According to U.S. Census Bureau data, the area within a 10 miles radius of Tomball has grown to a population of 413,000 in 2010 from 245,000 residents in 2000.
As of 2015, the population in the same 10 mile radius sits at approximately 485,000 – a 98 percent increase since 2000, said Tomball Mayor Gretchen Fagan.
“Tomball is growing, and it’s growing fast,” she said. Much of Tomball’s growth is the result of improved mobility, particularly with the recent completion of the first segment of Texas 249, from Spring-Cypress Road, north to the FM 2920 overpass. In March, more than 3,000 residents from the Tomball community showed up to stroll the toll when the first segment was opened to traffic.
“When we opened the toll road on a rainy Sunday afternoon, we had 3,200 people show up,” Fagan recalled. “They came. They walked in the rain and they jogged in the rain, and they drew on it with sidewalk chalk, just to say that they and their families were part of the great history of Tomball.”
The second and third segments, which will connect at FM 2920 and continue to FM 149 in Pinehurst, are in the planning stages and will begin construction in early 2016.
Along those same lines, the long anticipated Grand Parkway, which is under construction, will connect with U.S. 290 in Cypress and span 38 miles on its way through Tomball to Interstate 69 north of Kingwood.
Harris County Precinct 4 Commissioner Jack Cagle said Tomball is becoming more and more connected to other communities as a result of mobility.
“Tomball is a prime example of that perfect place, where we are starting to connect Tomball with the world,” Cagle said. “I love it when a plan comes together.”
The completion of the first phase of Texas 249 was not expected to generate as much usage as it already has seen, he said. Within the first 90 days, the Harris County Tollroad Authority said as many as 30,000 motorists were already using the tollway daily, nearly double what was projected.
“Everyone said that number was way optimistic, because a lot of people take their time before they start to shift (their driving routes),” Cagle said.
Although mobility has been the driving force of growth in the city and region, companies are also relocating and expanding in the area. In April, Kelly Violette, executive director for the Tomball Economic Development Corp., announced that Canadian-based Packers Plus Energy Services would be relocating their Houston headquarters to the Tomball Business and Technology Park. Then in June, Coastal Power Systems announced they would be moving their headquarters, shop facility and shipping and warehouse spaces to the business park.

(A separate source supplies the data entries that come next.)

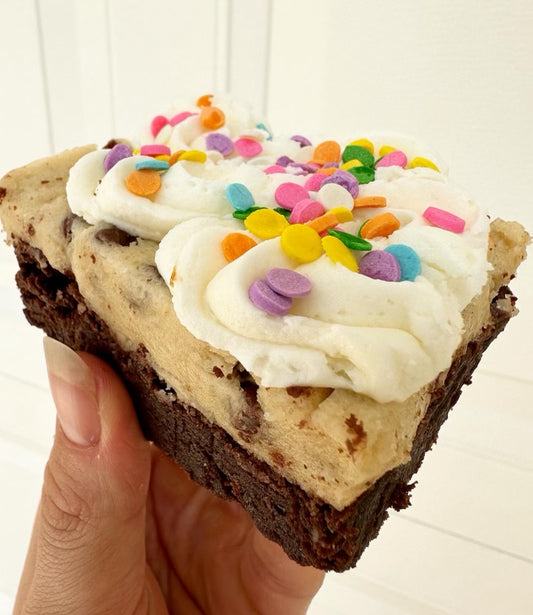 Cookie Dough Brownie - Mcks' Cupcakes in South Florida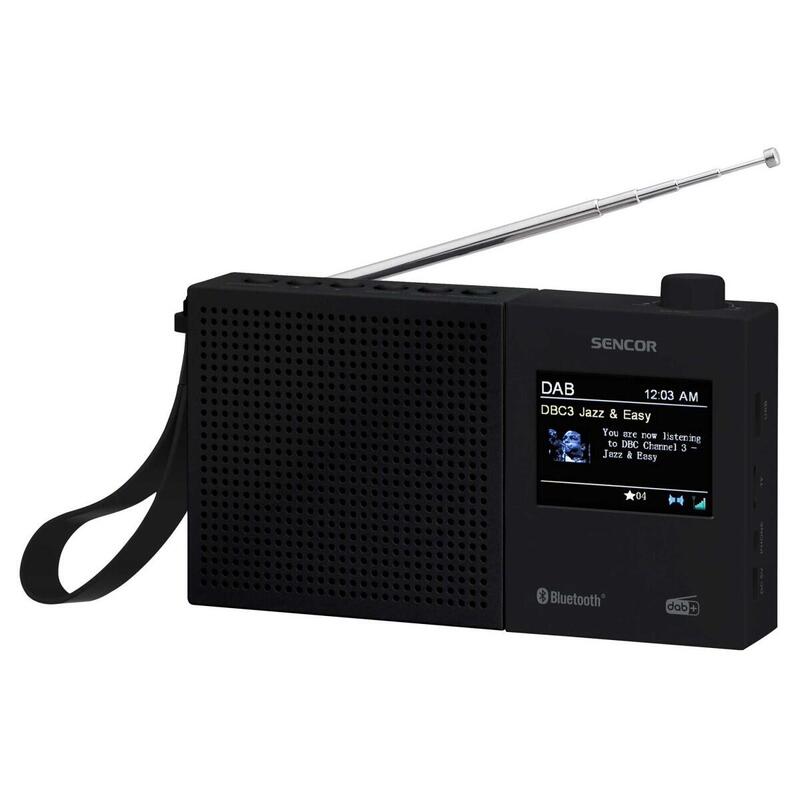 Radio Cyfrowe Dab +,fm Rds Srd 7790B LCD 2,4 Bluetooth Battery
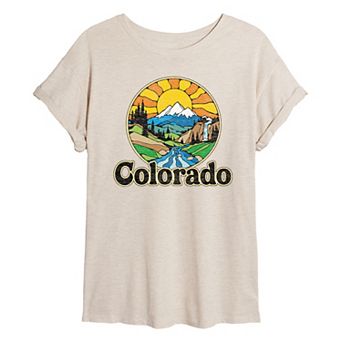 Juniors' Colorado Oversized Tee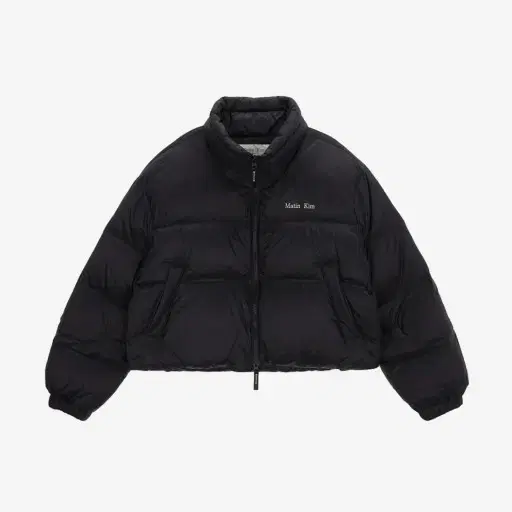 (W) Matengkim Taped Puffer Down Jumper Black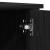 Cabinet TV Stejar negru 100 x 40 x 50 cm Lemn compozit GartenMobel Dekor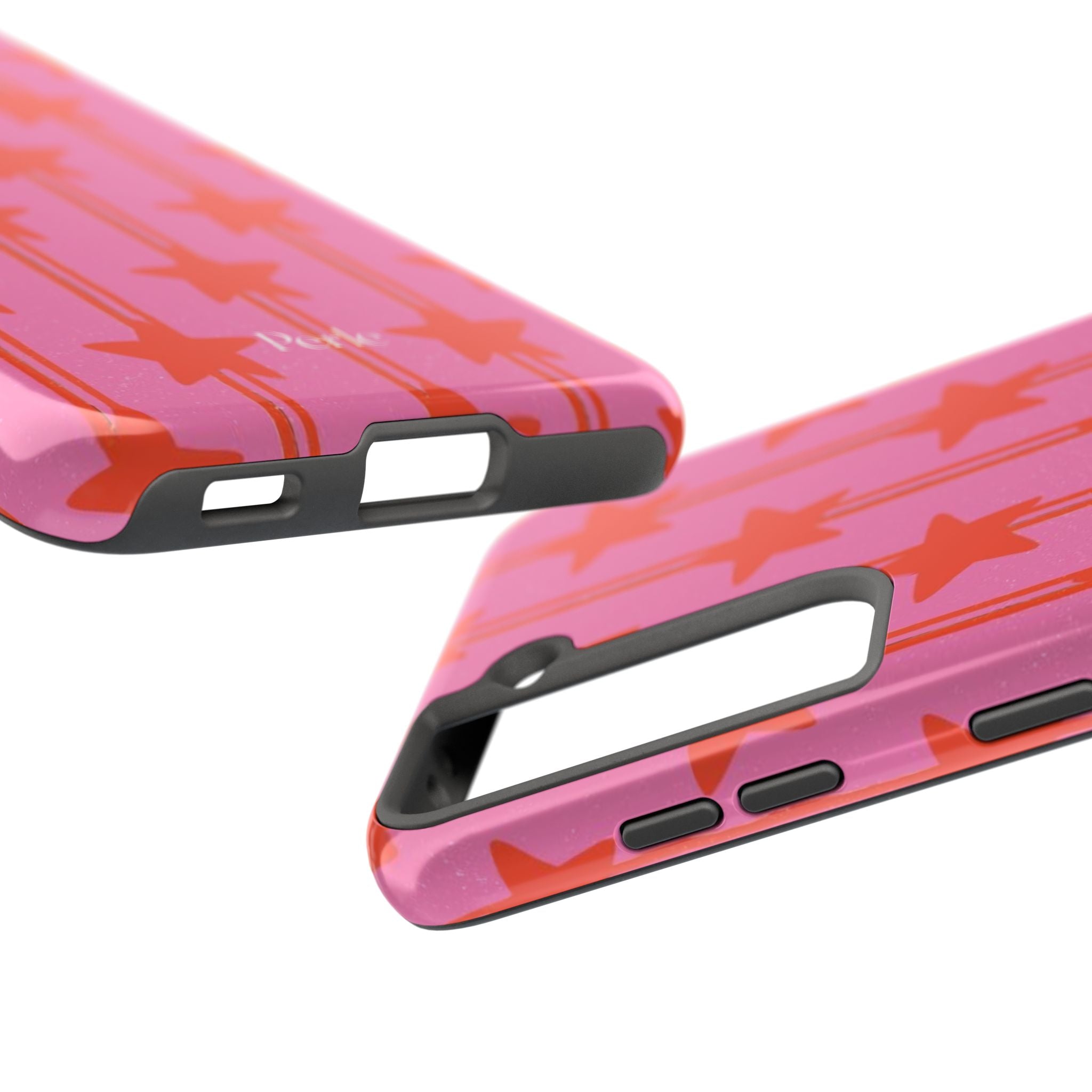Pink Star Stripe Phone Case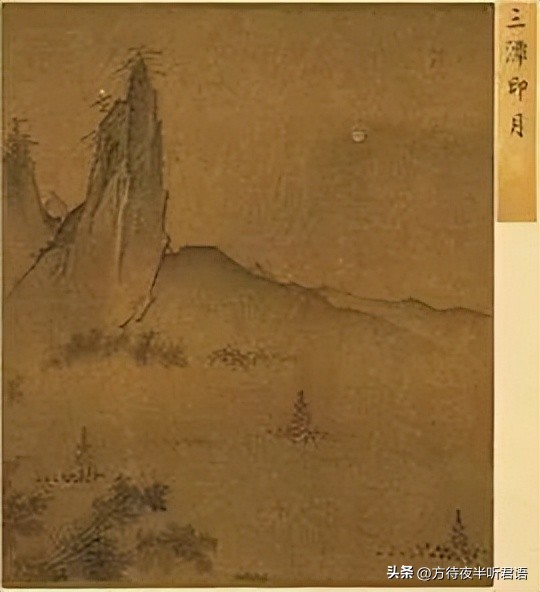 西湖十景之一三潭印月地图,杭州西湖三潭印月资料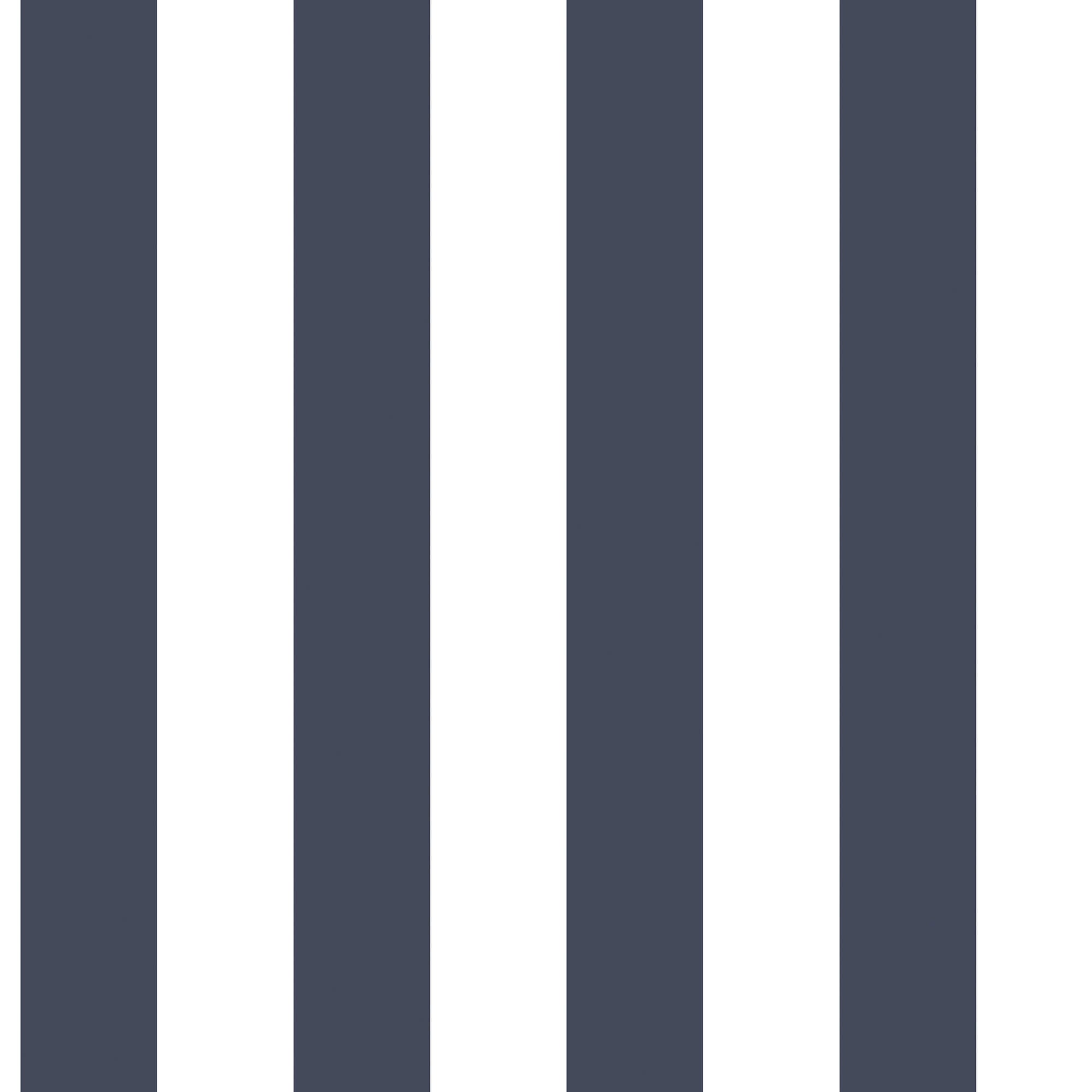 Shop Awning Stripe Navy Wallpaper from the Just Kitchens Collection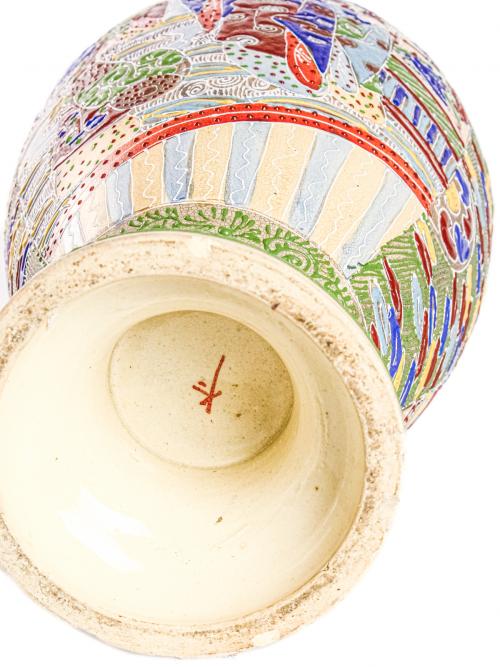 JARRÓN DE PORCELANA JAPONESA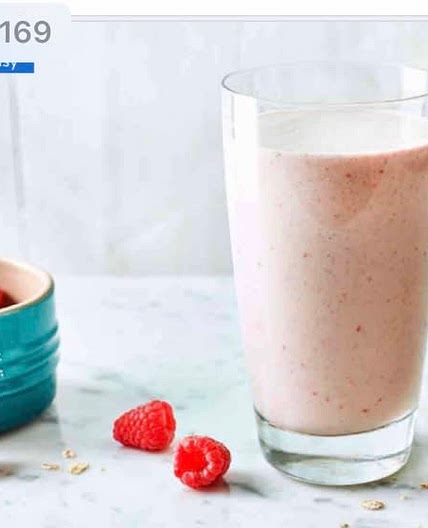 1- reduced- Peanut butter and jam smoothie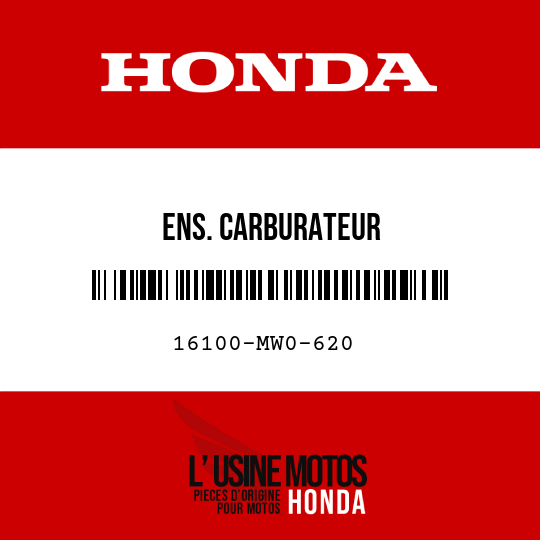 image de 16100-MW0-620 ENS. CARBURATEUR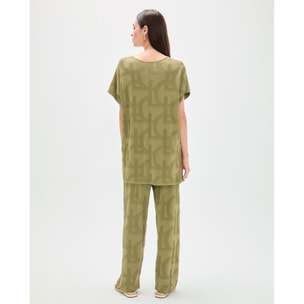 T-shirt in maglia jacquard LC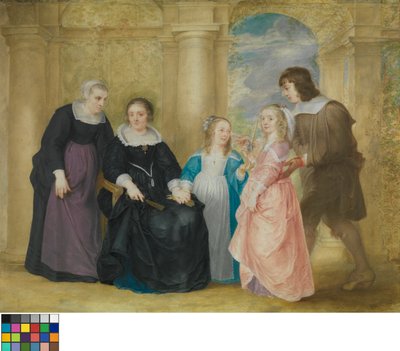 Portrét rodiny od Philip Fruytiers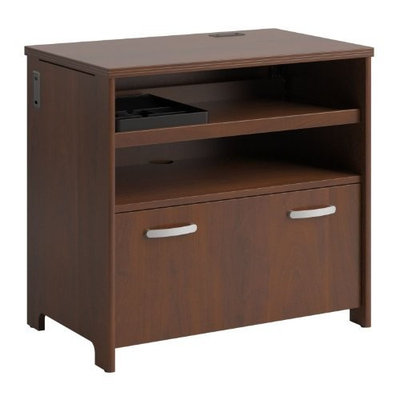 BUSH BUSINESS FURNITURE Bush Industries Envoy Collection Tech Lateral File in Hansen Cherry Finish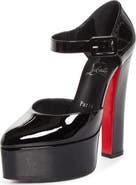 Christian Louboutin Jenna Buckle Platform Pump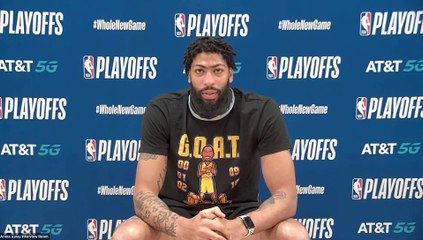 Anthony Davis Wears A Shirt To Honor Kobe Bryant After Game 4 Win
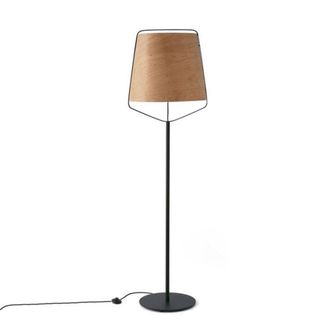 Faro Barcelona L&aacute;mpara de pie metal y madera 182cm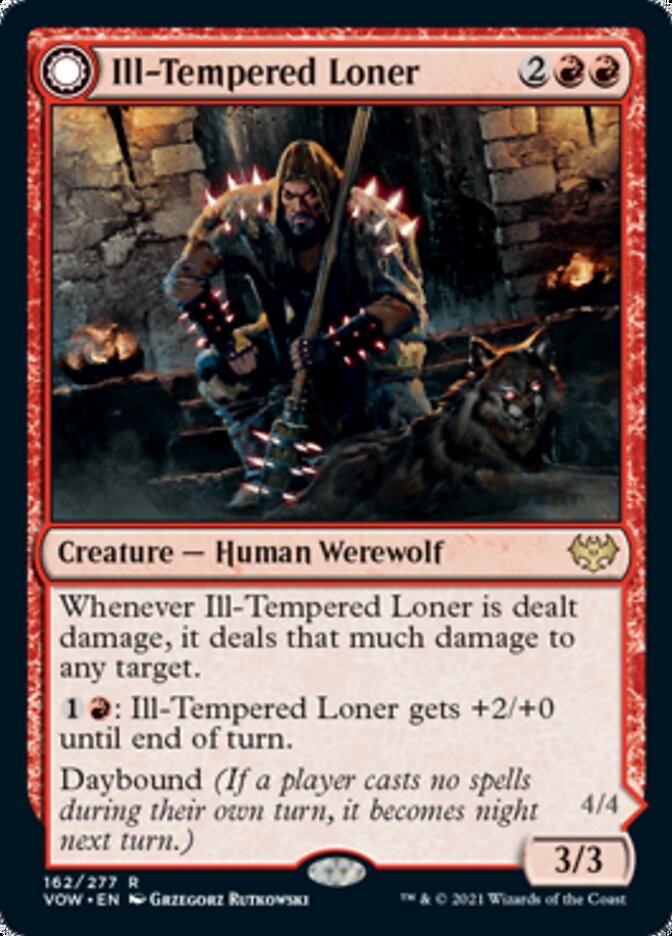 Ill-Tempered Loner // Howlpack Avenger [Innistrad: Crimson Vow] | Gamers Paradise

While the business park is beginning to take shape, retailers and restaurants also are seeing Tomball as an attractive destination. Earlier this year, the city hosted two public hearings to bring the Grand Parkway Town Center, a $500 million retail center, to the intersection of the Grand Parkway and Boudreaux Lane. City Manager George Shackelford said the development will generate as much as $80 million in sales tax revenue. Last year, the city issued 76 commercial construction permits to the tune of $13 million.
Building permits for residential construction have also skyrocketed in recent years. In 2014, the city issued 240 residential permits, amounting to $27 million in construction.
All of this development and growth is exciting for the city and northwest Houston, Fagan said. “Part of the reason this community is growing so rapidly is that people really do want to be here,” she said.